▶ **ASSIGNMENT**:
I'd like the listing below copied exactly, with the images left out.

▶ **MATERIAL PROVIDED**:
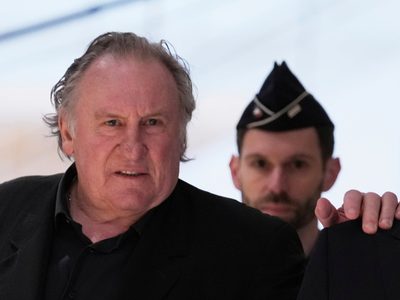 Gérard Depardieu es juzgado en París por supuestos abusos sexuales en un rodaje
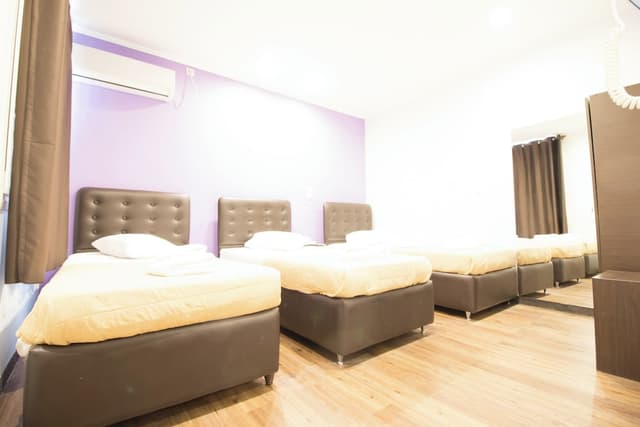 Cosmopolit-Basic Triple Room-2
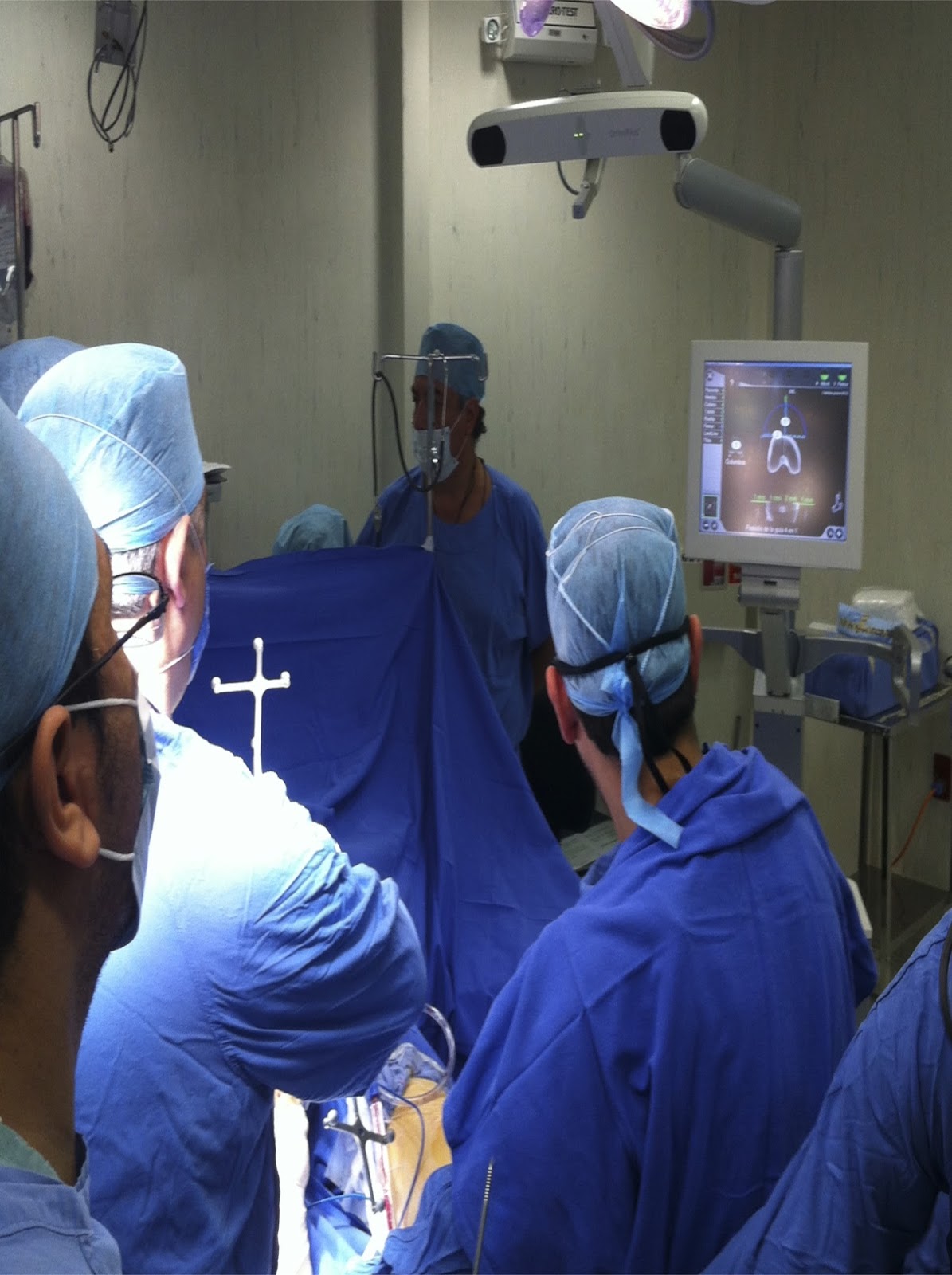 Se realizó por primera vez en Salta una cirugía asistida por computadora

▶ **SOLUTION TO THIS TASK**:
 Gérard Depardieu es juzgado en París por supuestos abusos sexuales en un rodaje
 Cosmopolit-Basic Triple Room-2
 Se realizó por primera vez en Salta una cirugía asistida por computadora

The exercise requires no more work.